▶ **The records**
Segment Open

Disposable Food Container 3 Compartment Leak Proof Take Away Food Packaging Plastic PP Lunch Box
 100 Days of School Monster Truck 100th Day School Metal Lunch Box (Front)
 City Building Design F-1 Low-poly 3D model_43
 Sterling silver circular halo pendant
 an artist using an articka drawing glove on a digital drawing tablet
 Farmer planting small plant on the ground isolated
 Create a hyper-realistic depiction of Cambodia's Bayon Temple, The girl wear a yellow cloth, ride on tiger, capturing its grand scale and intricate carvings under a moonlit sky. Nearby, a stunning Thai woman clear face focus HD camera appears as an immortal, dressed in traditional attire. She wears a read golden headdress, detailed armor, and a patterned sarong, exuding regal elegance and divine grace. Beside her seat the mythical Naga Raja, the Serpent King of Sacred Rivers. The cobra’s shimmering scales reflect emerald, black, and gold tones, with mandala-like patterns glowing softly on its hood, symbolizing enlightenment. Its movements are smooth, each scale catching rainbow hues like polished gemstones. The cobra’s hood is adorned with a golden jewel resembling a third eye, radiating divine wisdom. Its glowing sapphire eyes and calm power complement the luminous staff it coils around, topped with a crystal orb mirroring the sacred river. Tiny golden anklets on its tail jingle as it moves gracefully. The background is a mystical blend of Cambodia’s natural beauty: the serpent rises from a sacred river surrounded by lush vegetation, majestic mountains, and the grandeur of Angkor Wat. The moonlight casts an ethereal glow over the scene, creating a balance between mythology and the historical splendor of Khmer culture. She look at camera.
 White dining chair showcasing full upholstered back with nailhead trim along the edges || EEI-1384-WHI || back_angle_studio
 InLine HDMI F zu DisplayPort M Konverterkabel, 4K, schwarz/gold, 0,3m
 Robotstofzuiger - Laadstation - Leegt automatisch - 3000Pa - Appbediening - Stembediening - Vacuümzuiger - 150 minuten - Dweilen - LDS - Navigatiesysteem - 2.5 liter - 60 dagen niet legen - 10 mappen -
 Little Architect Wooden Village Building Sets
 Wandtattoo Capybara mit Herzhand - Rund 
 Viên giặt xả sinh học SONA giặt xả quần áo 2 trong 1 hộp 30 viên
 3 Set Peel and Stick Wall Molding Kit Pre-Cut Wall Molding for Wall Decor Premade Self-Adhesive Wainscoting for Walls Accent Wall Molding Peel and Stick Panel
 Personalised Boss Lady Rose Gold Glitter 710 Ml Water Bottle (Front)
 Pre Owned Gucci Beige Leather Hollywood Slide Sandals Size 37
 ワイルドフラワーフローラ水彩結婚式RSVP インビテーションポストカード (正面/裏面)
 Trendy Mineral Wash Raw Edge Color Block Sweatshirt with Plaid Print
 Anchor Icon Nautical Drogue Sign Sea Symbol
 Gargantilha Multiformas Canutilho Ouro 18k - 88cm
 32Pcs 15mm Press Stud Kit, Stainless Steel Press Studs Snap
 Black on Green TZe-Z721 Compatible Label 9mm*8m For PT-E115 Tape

Segment Closed

Word for word, write out the entire listing once more.

▶ **Exercise response**
Disposable Food Container 3 Compartment Leak Proof Take Away Food Packaging Plastic PP Lunch Box
 100 Days of School Monster Truck 100th Day School Metal Lunch Box (Front)
 City Building Design F-1 Low-poly 3D model_43
 Sterling silver circular halo pendant
 an artist using an articka drawing glove on a digital drawing tablet
 Farmer planting small plant on the ground isolated
 Create a hyper-realistic depiction of Cambodia's Bayon Temple, The girl wear a yellow cloth, ride on tiger, capturing its grand scale and intricate carvings under a moonlit sky. Nearby, a stunning Thai woman clear face focus HD camera appears as an immortal, dressed in traditional attire. She wears a read golden headdress, detailed armor, and a patterned sarong, exuding regal elegance and divine grace. Beside her seat the mythical Naga Raja, the Serpent King of Sacred Rivers. The cobra’s shimmering scales reflect emerald, black, and gold tones, with mandala-like patterns glowing softly on its hood, symbolizing enlightenment. Its movements are smooth, each scale catching rainbow hues like polished gemstones. The cobra’s hood is adorned with a golden jewel resembling a third eye, radiating divine wisdom. Its glowing sapphire eyes and calm power complement the luminous staff it coils around, topped with a crystal orb mirroring the sacred river. Tiny golden anklets on its tail jingle as it moves gracefully. The background is a mystical blend of Cambodia’s natural beauty: the serpent rises from a sacred river surrounded by lush vegetation, majestic mountains, and the grandeur of Angkor Wat. The moonlight casts an ethereal glow over the scene, creating a balance between mythology and the historical splendor of Khmer culture. She look at camera.
 White dining chair showcasing full upholstered back with nailhead trim along the edges || EEI-1384-WHI || back_angle_studio
 InLine HDMI F zu DisplayPort M Konverterkabel, 4K, schwarz/gold, 0,3m
 Robotstofzuiger - Laadstation - Leegt automatisch - 3000Pa - Appbediening - Stembediening - Vacuümzuiger - 150 minuten - Dweilen - LDS - Navigatiesysteem - 2.5 liter - 60 dagen niet legen - 10 mappen -
 Little Architect Wooden Village Building Sets
 Wandtattoo Capybara mit Herzhand - Rund 
 Viên giặt xả sinh học SONA giặt xả quần áo 2 trong 1 hộp 30 viên
 3 Set Peel and Stick Wall Molding Kit Pre-Cut Wall Molding for Wall Decor Premade Self-Adhesive Wainscoting for Walls Accent Wall Molding Peel and Stick Panel
 Personalised Boss Lady Rose Gold Glitter 710 Ml Water Bottle (Front)
 Pre Owned Gucci Beige Leather Hollywood Slide Sandals Size 37
 ワイルドフラワーフローラ水彩結婚式RSVP インビテーションポストカード (正面/裏面)
 Trendy Mineral Wash Raw Edge Color Block Sweatshirt with Plaid Print
 Anchor Icon Nautical Drogue Sign Sea Symbol
 Gargantilha Multiformas Canutilho Ouro 18k - 88cm
 32Pcs 15mm Press Stud Kit, Stainless Steel Press Studs Snap
 Black on Green TZe-Z721 Compatible Label 9mm*8m For PT-E115 Tape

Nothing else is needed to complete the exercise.